A single 42-degree disc-centred image per eye was captured on the fundus on phone non-mydriatic (FOP NM-10) device (Remidio Innovative Solutions Pvt. Ltd, Bangalore, India). All acquired images were subjected to evaluation by the inbuilt image quality algorithm. The image quality assessment is based on the visualization of the optic disc, surrounding nerve fibre layer and 3rd-order vessels. If the image was of insufficient quality, the operator was alerted to take another image. The operator made a maximum of 2 attempts to get an image of sufficient quality.

Patients also underwent a single 30-degree disc-centred stereoscopic image captured on a standard tabletop fundus camera (Kowa NM WX-3D stereoscopic camera, Kowa, Japan). Following this, they underwent imaging of the optic disc using an SD-OCT device (Zeiss Cirrus SD-OCT, Dublin, CA). The optic nerve head and retinal nerve fibre layer were imaged using the optic disc cube scan.

Visual field examination (Humphrey visual field 24-2 or 10-2 programme) was performed in all new cases to establish the diagnosis of glaucoma and in confirmed cases if it was beyond 1 year since the last reliable fields.

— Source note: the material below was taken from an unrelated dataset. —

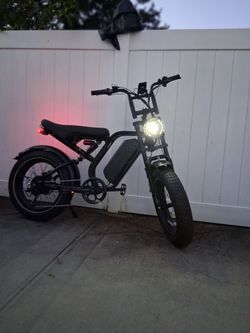 Greatwork R8 40 MPH Electric Bike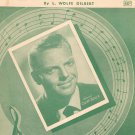 Down Yonder Vintage Sheet Music Wolfe Gilbert Southern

All images were stored as JPEG files after removing patient identifiers and assigning a randomly generated unique numerical identifier linked to the participant’s study ID number.

Final diagnosis

The glaucoma specialists (SS, SS, JVP) corroborated all the test results for a final diagnosis and categorized each eye into normal, glaucoma suspects, or glaucoma based on a predefined criteria [10] (Supplementary Methods Section 2). The worse eye diagnosis constituted the patient-level diagnosis. This was used as a reference standard against the binary output of the AI for referable glaucoma.

‘Referable glaucoma’ referred to those with glaucoma and ‘No referable glaucoma’ included glaucoma suspects and normal.

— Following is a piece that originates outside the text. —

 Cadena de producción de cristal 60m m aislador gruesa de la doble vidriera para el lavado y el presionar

Fundus image quality control and grading

All the images captured using the Kowa stereoscopic camera and the FOP-NM 10 device were evaluated by three fellowship-trained glaucoma specialists (SS, SS, JVP). They were masked to the clinical examination details, investigational reports as well as each other’s grading. The graders initially evaluated the quality of the images as excellent, acceptable, or insufficient based on the criteria mentioned in Supplementary Methods Section 3. Excellent and acceptable grades qualified as sufficient image quality. A predefined criterion from previous population studies was used by the specialists for making a provisional diagnosis (unlikely glaucoma, disc suspects or likely glaucoma) of glaucoma as mentioned in Supplementary Methods Section 4 [11,12,13,14]. Glaucoma severity was determined based on visual field MD as per Hodapp-Parish and Anderson criteria. Mean Deviation (MD) less than –6 dB was early, −6 to –12 dB was moderate and worse than –12 dB was defined as severe disease [15].

‘Referable’ glaucoma referred to those with likely glaucoma and ‘No referable glaucoma’ included disc suspects and unlikely glaucoma.

Automated referable glaucoma AI detection system

The AI system consists of two main components: a cup and disc segmentation model and a binary classification model. The segmentation model has been described and externally validated in a prospective study [16]. The classification model segregates images with glaucoma from suspects and normal eyes. It has been trained using 6674 images. 1813 (27.2%) were glaucoma, 1142 (17.1%) were suspects and 3719 (55.7%) were normal eyes. 4373 images (65.5%) were captured using the Remidio FOP (target deployment device), and 2301 (34.5%) using desktop fundus cameras. 5082 images (76.1%) were captured on a South Asian population, and 1592 (23.9%) on a Caucasian population. The model uses a ResNet-50 architecture and was pre-trained on the ImageNet dataset. Additionally, the datasets were carefully curated during development such that there was no overlap of patient data during training and testing. Two other assistive AI models were trained. The first is a quality check which outputs an indication of sufficient image quality for a reliable glaucoma diagnosis. The second is a disc localization model. It detects the location of the centre of the disc in the retinal image. The disc coordinates are used to crop a region of interest around the disc. This is a pre-processing step for the two main AI models (segmentation and classification algorithms). Supplementary flowchart summarizes the different elements of the AI system. This study was conducted following AI development and internal testing.

The images of all the participants were analysed using the AI tool. The AI graded the images as Referrable or No Referable Glaucoma. Referrable glaucoma included those with likely glaucoma requiring immediate referral and no referable glaucoma included disc suspects and no glaucoma. The AI also categorizes images with high VCDR (vCDR 0.7–0.85) and no other glaucomatous disc changes as ‘high VCDR (disc suspect)’ with a non-urgent referral to the ophthalmologist.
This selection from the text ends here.